ところが生徒からの授業に対する評価は高くなく、また生徒が自殺をした事で精神を病み始めた為、それを和らげる目的で小説の執筆を開始。これは高浜虚子からの勧めによるものでしたが、処女作の『吾輩は猫である』を書き上げると好評を受け、翌年には正岡子規が主立って立ち上げた雑誌『ホトトギス』上にて同作を発表しました。それからは『坊っちゃん』などをはじめ次々と作品を発表し、作家としての名を広めていきます。1907年には創作に集中できる環境をと言う事で朝日新聞社へ入り、数々の作品を生み出していきました。
晩年は体調を崩しながらも執筆活動を並行していましたが、『明暗』を執筆中の1916年、49歳の若さで息を引き取りました。
様々な作品を発表している夏目漱石ですが、1908年発表の『三四郎』に続く『それから』と『門』は前期三部作と呼ばれており、青春小説とも位置付けられています。
また人間の負の部分を表現した自然主義文学への反対趣旨を『倫敦塔』や『坊っちゃん』などで表現。これらは反自然主義文学と呼ばれ、夏目漱石のみならず森鴎外など様々な作家の主流ともなりました。
一方で『こゝろ』や『明暗』などで、エゴイズムの問題を追求し、『こころ』と『彼岸過迄』、1912年発表の『行人』は合わせて後期三部作と位置付けられています。
時代のトレンドに乗ることに懐疑的だったと言う指摘がありますが、現代人の内面を皮肉った作品の発表や、同時に人間賛歌も行ってきた事で、一大作家として名を馳せるようになりました。
また英学塾・成立学舎での通学を皮切りに英語の語学能力が注目され、東京帝国大学英文学生時代は特待生となっています。
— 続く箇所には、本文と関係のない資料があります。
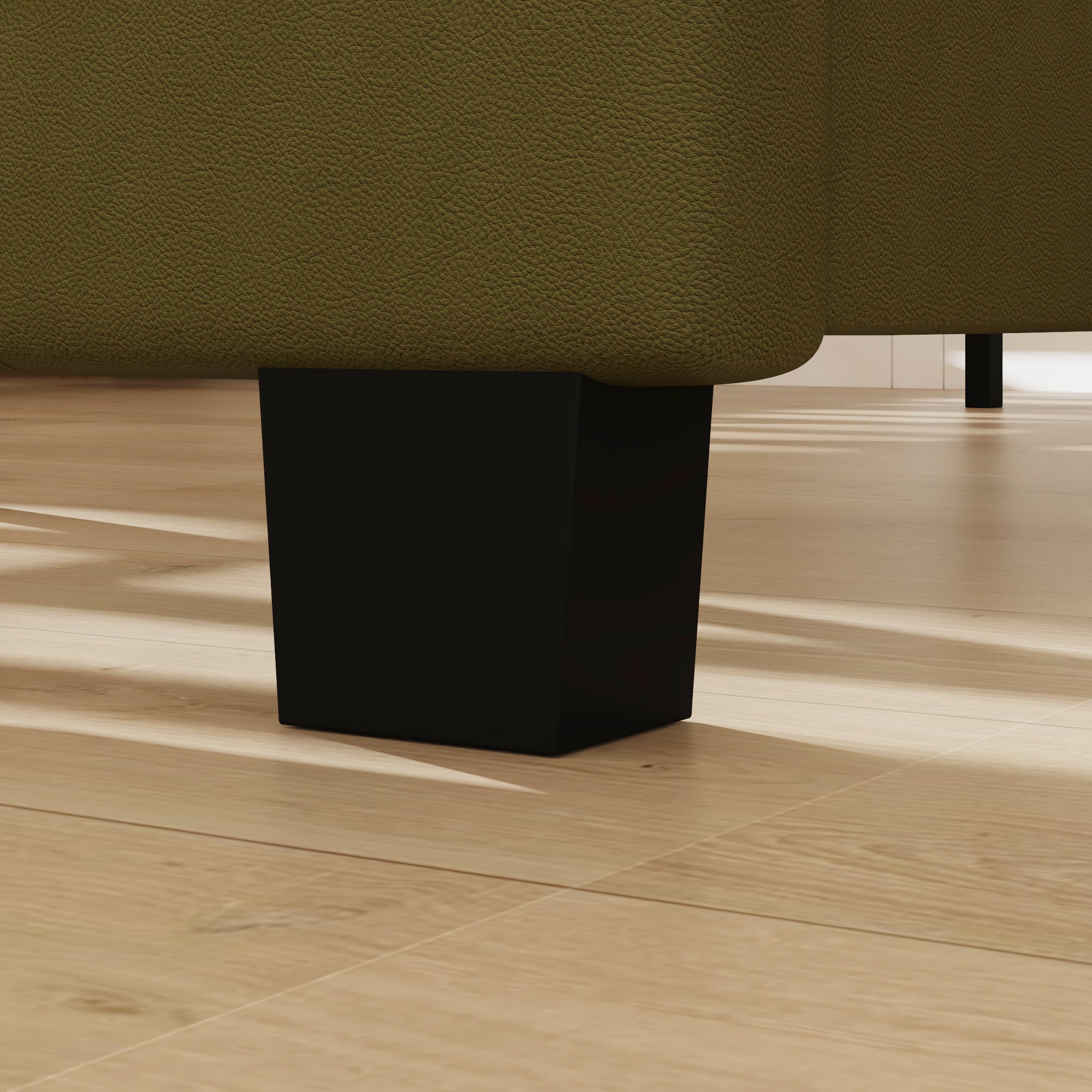 King Size Upholstered Bed With Sturdy Frame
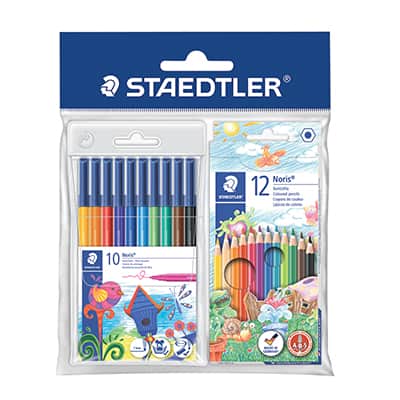 סט 10 טושים+12 עפרונות צבעוניים מולטי מוריס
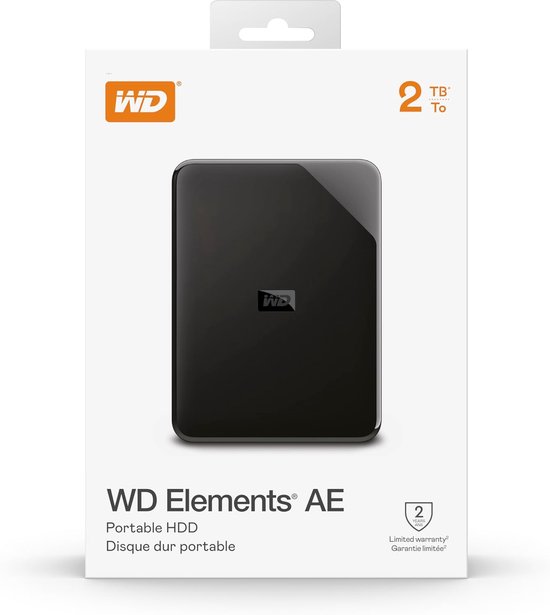 Externe Harde Schijf - Opslagstation Portable - Bestanden Opslaan - Inclusief Backup Software - 2 TB - Zwart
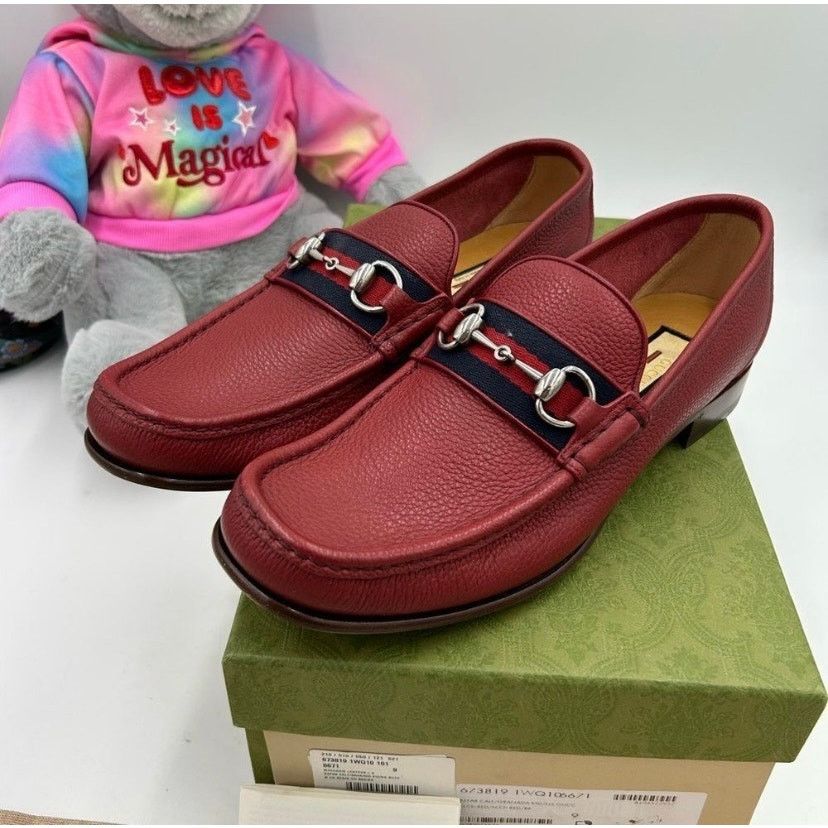 Gucci Men's Gucci horse bit web striped loafer size 9 Size US 9.5 / EU 42-43 - 3 Thumbnail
他にも俳句は3000句ほど残し、文人画を描いたりもしました。
他の代表作
1906年発表の中編小説の代表作品の『草枕』。
また40代の頃には、前期三部作の一つである『それから』。エゴイズムについて追求した時期の代表作と言える『こゝろ』(いずれも東北大学附属図書館が所蔵)などを発表しています。
■正岡子規
俳人で俳句雑誌の『ホトトギス』を立ち上げ、また夏目漱石に執筆を薦めた高浜虚子や、正岡子規の後継者と言われている伊藤左千夫らなどの後進を育てました。
野球の趣味である事から、野球で使われている用語を日本語に訳した事も知られています。
■坊っちゃん
夏目漱石が1906年に発表した中編の小説作品です。
四国の中学に務めるようになった教師の悪戦苦闘の日々が描かれています。
夏目漱石自身の愛媛県尋常中学での在籍時の経験が背景となっており、自身の若い頃の血気盛んな行動を生徒達に面白い話しと聞かせるなど破天荒で、坊っちゃん中の主人公の性格と被ると言われています。